Let's not forget too that the OU team which researched the bluestones in the late 1980's -- including Richard Thorpe, Olwen Williams-Thorpe, Richard Thomas and even Rob Ixer, actually did some work on Salisbury Plain and came down strongly in favour of the glacial transport hypothesis. Then we can mention Geoffrey Kellaway, Prof Danny McCarroll, myself, Dyfed Elis-Gruffydd, John Downes -- all quite eminent people who presumably know what they are talking about --arguing for glacial transport as not only possible but probable.  We could also mention the earth scientists who have been to examine the so-called "bluestone quarries" in Pembrokeshire in my company over the last few years.  They will not go on the record, because this is not "their topic", but with hand on heart I will say that every one of them agrees that the so-called "quarrying features" are entirely natural and unexceptional. 

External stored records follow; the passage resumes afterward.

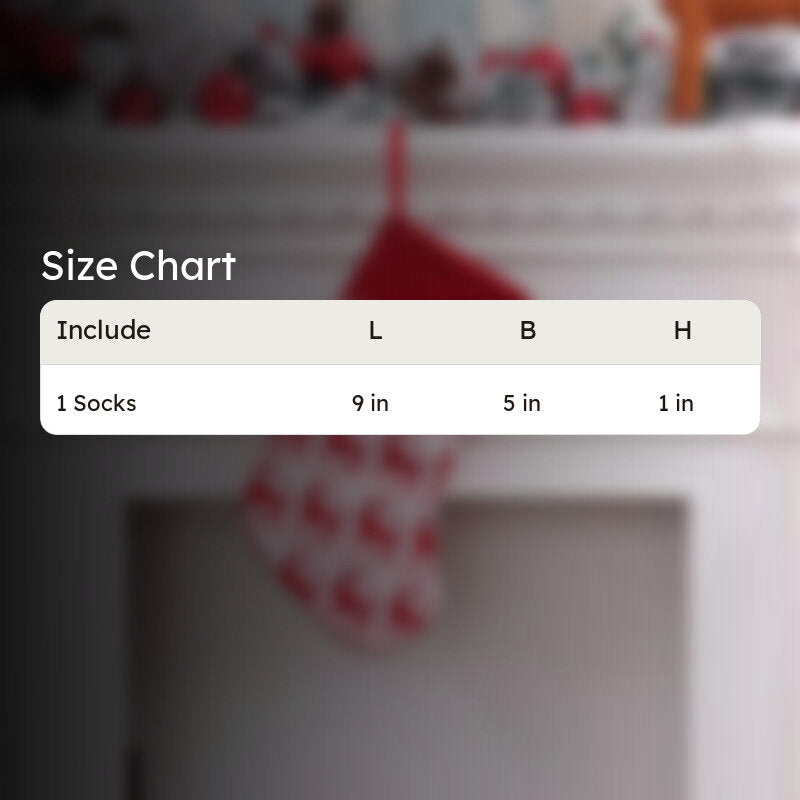 Toe-tally Stocking Christmas Ornament - Red & White media 5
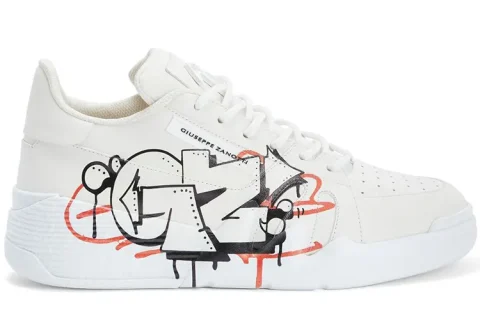 Giuseppe Zanotti Talon Sneakers Wit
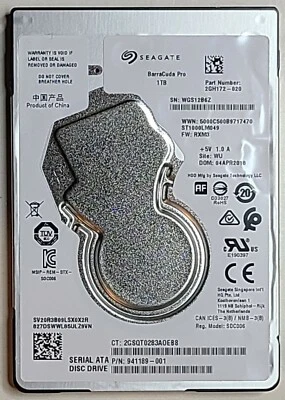 NEW Original HP 15M-BP112DX 1TB Hard Drive 766457-857 Seagate ST1000LM049 7200rp - Image 1 of 4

Quarry? I see no quarry......

This point has been made in two peer-reviewed papers by Dyfed Elis-Gruffydd, John Downes and myself, in 2015.  Almost five years later, those papers have still not been acknowledged or cited by Mike Parker Pearson and his colleagues, presumably because they are incapable of accepting the evidence presented or answering the points made therein.  

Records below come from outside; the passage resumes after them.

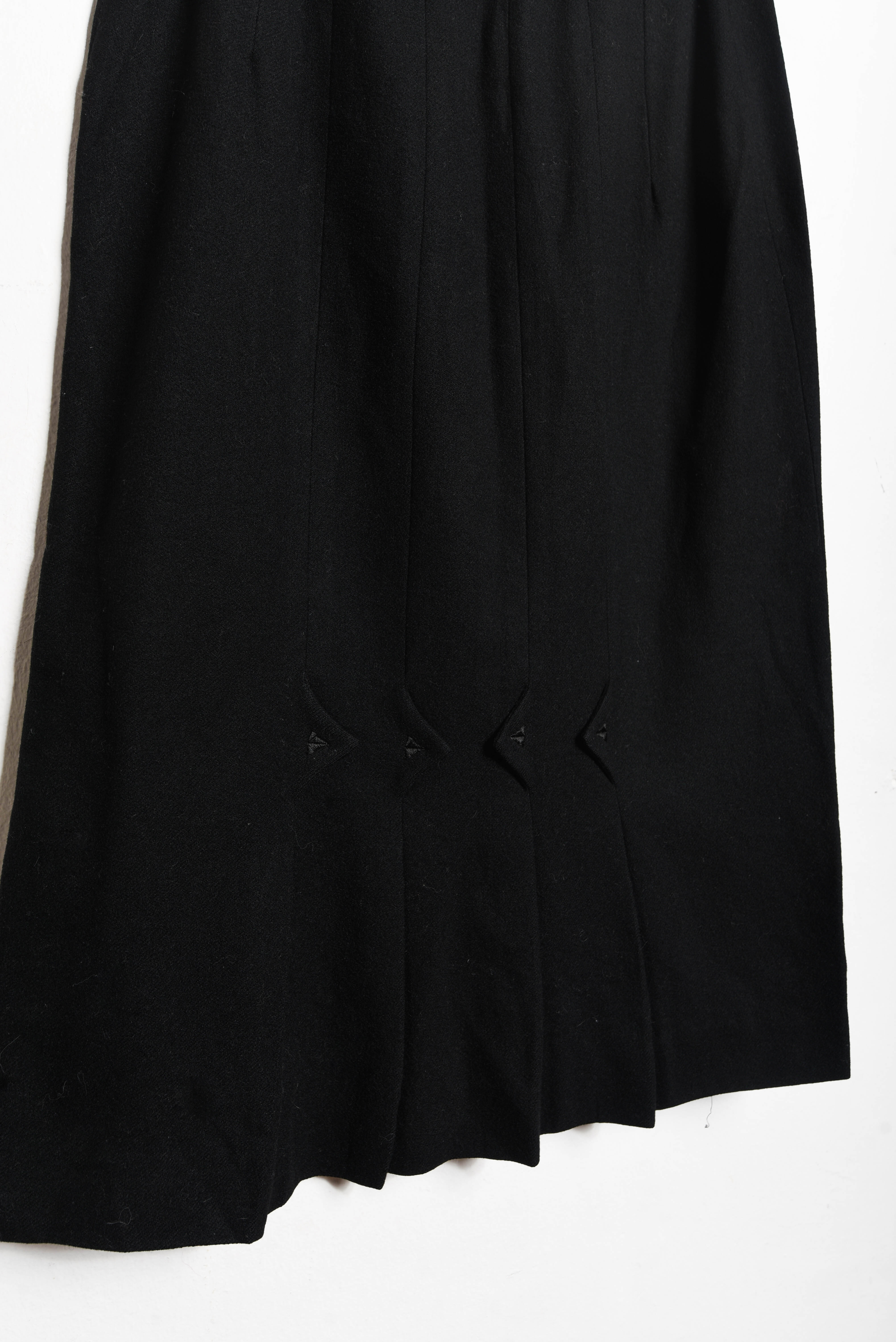 Falda midi vintage lana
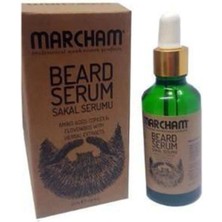 Marcham Beard Serum Sakal ve Bıyık Serumu 50 ml Cilt Dostu Özellikleri ile Hassas Kullanım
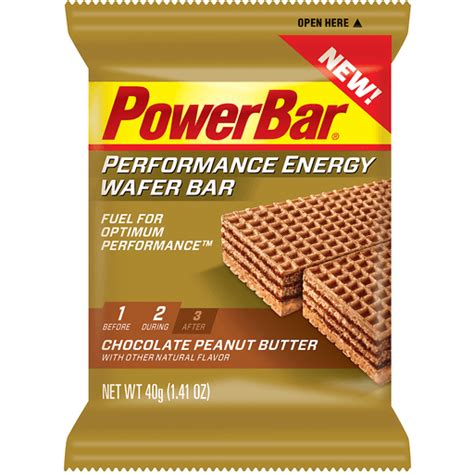 Powerbar Performance Energy Wafer Bar Chocolate Peanut Butter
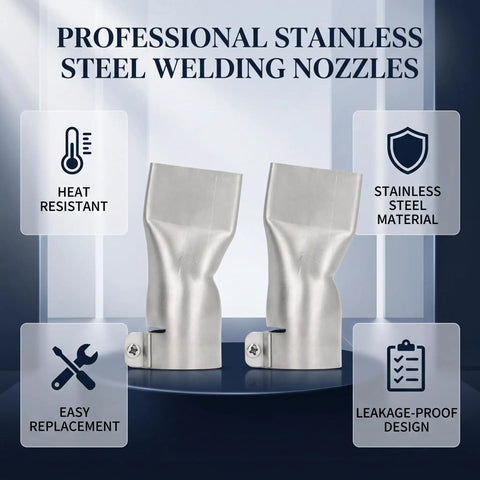 Two Pack 40mm Stainless Steel Wide Mouth Welding Nozzle For Hot Air Guns, Heat Resistant And Leakproof, Pro Grade Accessory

Even Prof Richard Atkinson, towards the end of his life, accepted that the human transport of the bluestones would have been vanishingly improbable, and that glacial transport had to be the favoured option.

No matter what spin might have been given to the issue by a handful of senior archaeologists (and one or two earth scientists) with powerful vested interests, there is no doubt at all that the weight of expert opinion is, and always was, that the bluestones were probably transported by glacier ice. 

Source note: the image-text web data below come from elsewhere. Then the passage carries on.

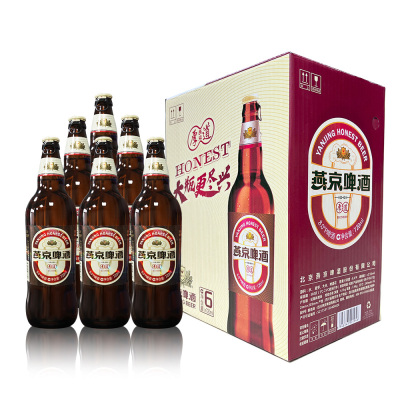 [KS]燕京啤酒厚道8度黄啤720ML*6瓶整箱玻璃瓶啤酒特价批发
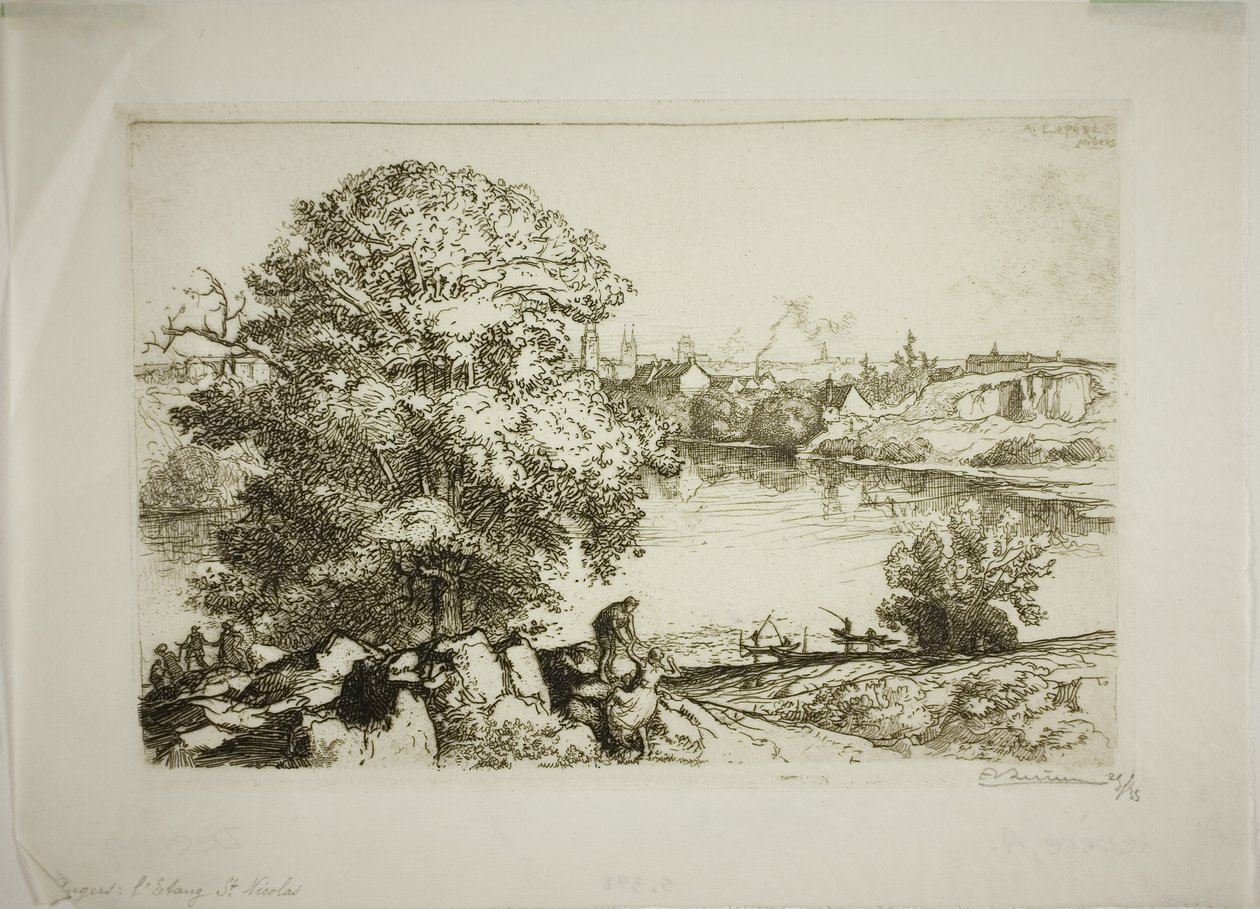 Angers, Lake Saint-Nicolas by Louis Auguste Lepère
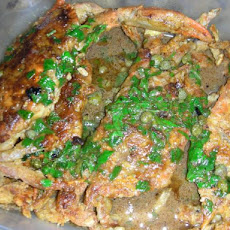 Sheila's Sauteed Soft-Shell Crabs With Lemon Butter Sauce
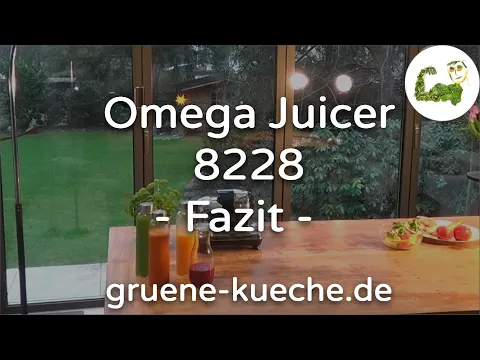 Omega Juicer 8228 - Zusammenfassung (Teil 4/4)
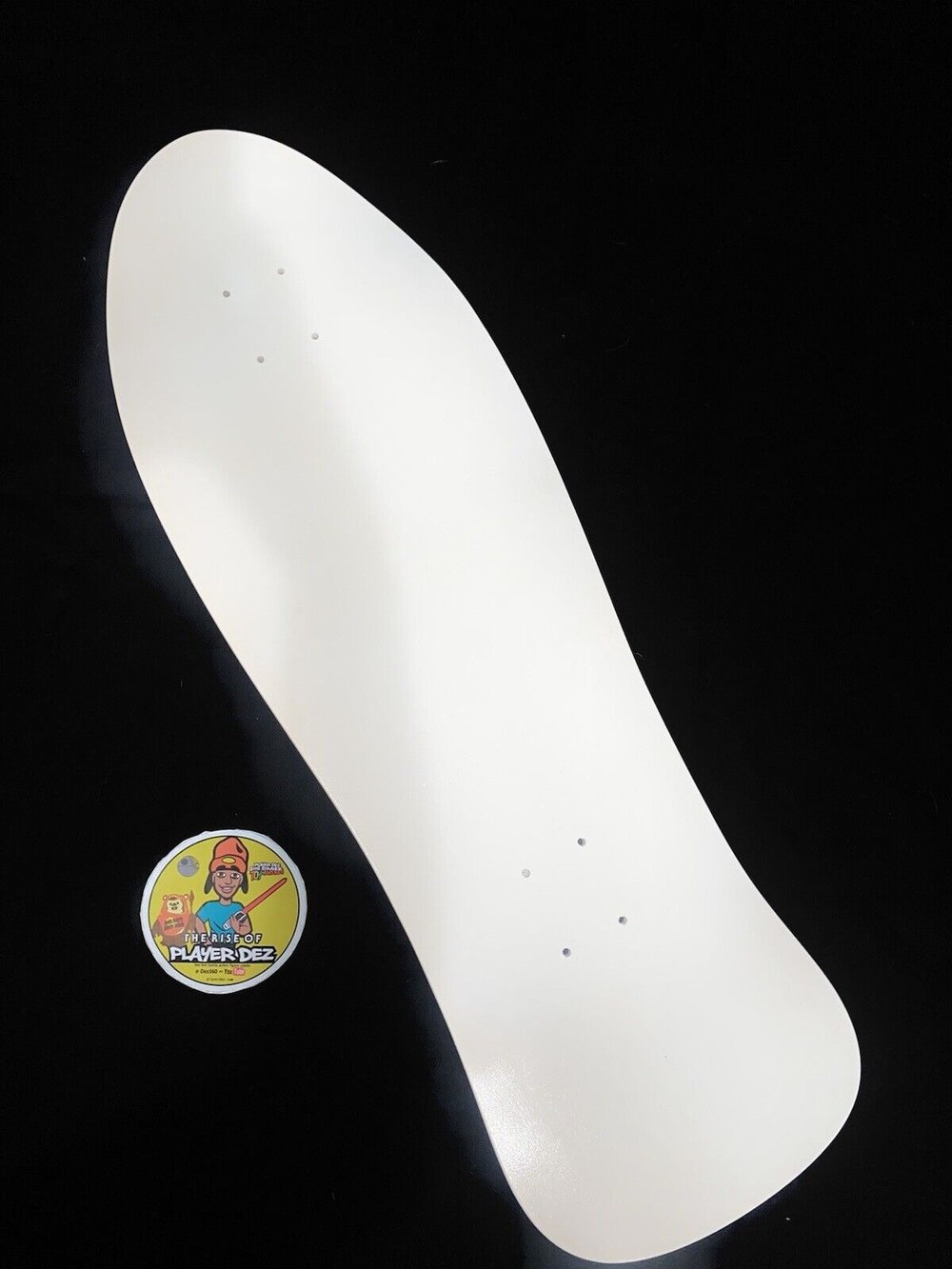 Signed Eric Dressen Dogtown White Dip Autographed Skateboard Deck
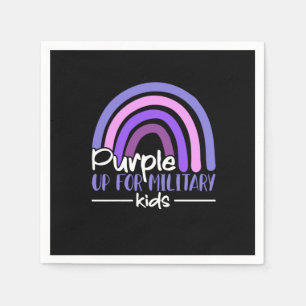 Serviette En Papier Purple up pour enfants militaires Arc en ciel Enfa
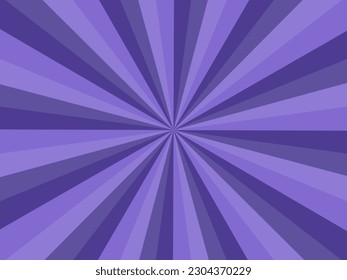 Colorful and three-dimensional concentration line background_purple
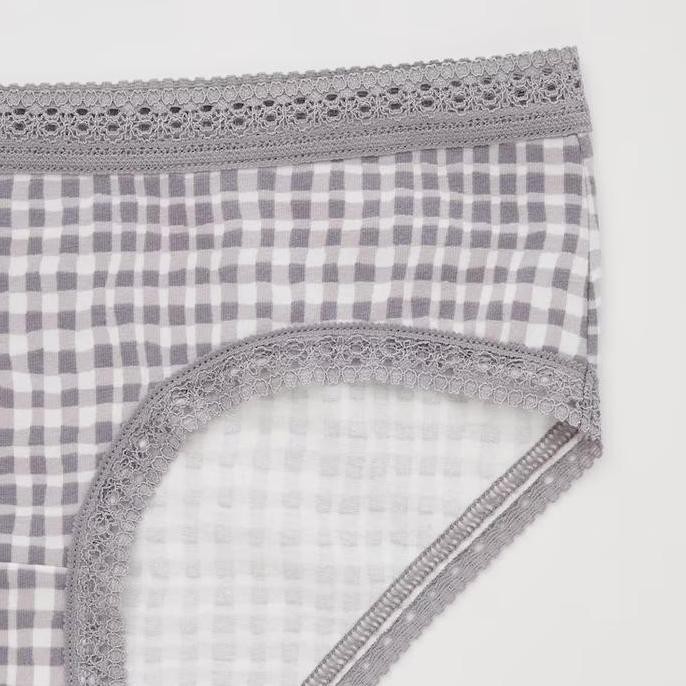 Uniqlo Celana Dalam Wanita Low Waist Hiphugger Uniqlo 433435 Gray (Best Quality)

So where is the consensus here, in the written literature?  At a rough count, at last 30 researchers have pointed to conditions suitable for long-distance monolith transport in the right direction, on at least one occasion. Without a doubt opinions are VERY heavily in favour of the glacial transport thesis.

As for me being  a maverick or a nut case, I rest my case.

2 comments:

ag said...

Hi Brian, Looks like patrician snobbery s still alive and well then. You're quite right to be proud of this. Rather than wear your outdoor gear for interviews, you should also follow Kellaway's example and wear the suit you reserve for weddings, christenings and funerals?

BRIAN JOHN said...

Ha! Yes, maybe I should consult an image consultant, and try and dress up like Sir Mortimer Wheeler or dress down like our beloved MPP. In that famous TV interview in which poor Kellaway was done over by the establishment, he did look extremely uncomfortable in his posh suit and tie. He may have been better off if he had been dressed in his anorak, muddy jeans and climbing boots......

I never did like those stiff collars and awkward cuffs....... so down is the way to go. Maybe I could learn something from Alice Roberts, whose image was done a world of good when she did that TV series on skinny dipping in remote lakes. But maybe that's faulty thinking. I am the wrong sex, the wrong age and the wrong shape.

It's rather fun that those to whom you refer as patrician snobs are a good deal younger than I am! Perhaps we should find another label for them?